Data for review:

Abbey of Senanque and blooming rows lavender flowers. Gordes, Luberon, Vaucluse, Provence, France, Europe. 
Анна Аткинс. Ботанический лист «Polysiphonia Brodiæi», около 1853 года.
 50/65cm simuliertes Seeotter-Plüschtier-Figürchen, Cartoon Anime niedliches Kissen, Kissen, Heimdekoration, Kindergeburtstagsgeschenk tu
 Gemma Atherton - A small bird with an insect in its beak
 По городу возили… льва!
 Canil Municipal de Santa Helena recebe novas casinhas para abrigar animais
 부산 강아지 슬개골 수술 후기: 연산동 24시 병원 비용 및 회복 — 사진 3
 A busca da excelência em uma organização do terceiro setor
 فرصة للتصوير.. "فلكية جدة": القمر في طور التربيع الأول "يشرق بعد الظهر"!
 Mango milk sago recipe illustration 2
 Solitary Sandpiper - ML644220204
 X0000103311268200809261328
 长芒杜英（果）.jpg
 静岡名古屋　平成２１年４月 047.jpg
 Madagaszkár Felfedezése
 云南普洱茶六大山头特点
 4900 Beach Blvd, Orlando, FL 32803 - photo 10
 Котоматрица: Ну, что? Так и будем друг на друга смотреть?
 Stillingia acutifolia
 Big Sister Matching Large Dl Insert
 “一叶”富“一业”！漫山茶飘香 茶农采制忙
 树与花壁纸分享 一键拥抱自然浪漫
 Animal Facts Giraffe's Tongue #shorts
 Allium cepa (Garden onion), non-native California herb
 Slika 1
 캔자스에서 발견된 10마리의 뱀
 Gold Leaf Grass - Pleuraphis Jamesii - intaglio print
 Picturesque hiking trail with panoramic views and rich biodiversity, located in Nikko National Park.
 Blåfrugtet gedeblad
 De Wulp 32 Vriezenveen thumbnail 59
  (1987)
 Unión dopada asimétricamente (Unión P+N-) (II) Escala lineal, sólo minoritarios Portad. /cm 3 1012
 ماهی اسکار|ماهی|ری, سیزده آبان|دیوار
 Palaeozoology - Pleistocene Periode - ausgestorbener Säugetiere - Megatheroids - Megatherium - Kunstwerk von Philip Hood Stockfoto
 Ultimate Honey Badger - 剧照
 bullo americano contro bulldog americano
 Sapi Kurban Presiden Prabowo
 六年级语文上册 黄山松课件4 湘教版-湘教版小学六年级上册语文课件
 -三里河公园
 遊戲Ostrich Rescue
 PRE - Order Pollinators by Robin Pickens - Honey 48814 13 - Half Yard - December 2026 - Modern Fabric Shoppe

Task goal: From the records above, reproduce exactly the lines from the one with "Gemma Atherton - A" to the one with "Picturesque hiking trail", both included, and no others.

Response to the exercise:
 Gemma Atherton - A small bird with an insect in its beak
 По городу возили… льва!
 Canil Municipal de Santa Helena recebe novas casinhas para abrigar animais
 부산 강아지 슬개골 수술 후기: 연산동 24시 병원 비용 및 회복 — 사진 3
 A busca da excelência em uma organização do terceiro setor
 فرصة للتصوير.. "فلكية جدة": القمر في طور التربيع الأول "يشرق بعد الظهر"!
 Mango milk sago recipe illustration 2
 Solitary Sandpiper - ML644220204
 X0000103311268200809261328
 长芒杜英（果）.jpg
 静岡名古屋　平成２１年４月 047.jpg
 Madagaszkár Felfedezése
 云南普洱茶六大山头特点
 4900 Beach Blvd, Orlando, FL 32803 - photo 10
 Котоматрица: Ну, что? Так и будем друг на друга смотреть?
 Stillingia acutifolia
 Big Sister Matching Large Dl Insert
 “一叶”富“一业”！漫山茶飘香 茶农采制忙
 树与花壁纸分享 一键拥抱自然浪漫
 Animal Facts Giraffe's Tongue #shorts
 Allium cepa (Garden onion), non-native California herb
 Slika 1
 캔자스에서 발견된 10마리의 뱀
 Gold Leaf Grass - Pleuraphis Jamesii - intaglio print
 Picturesque hiking trail with panoramic views and rich biodiversity, located in Nikko National Park.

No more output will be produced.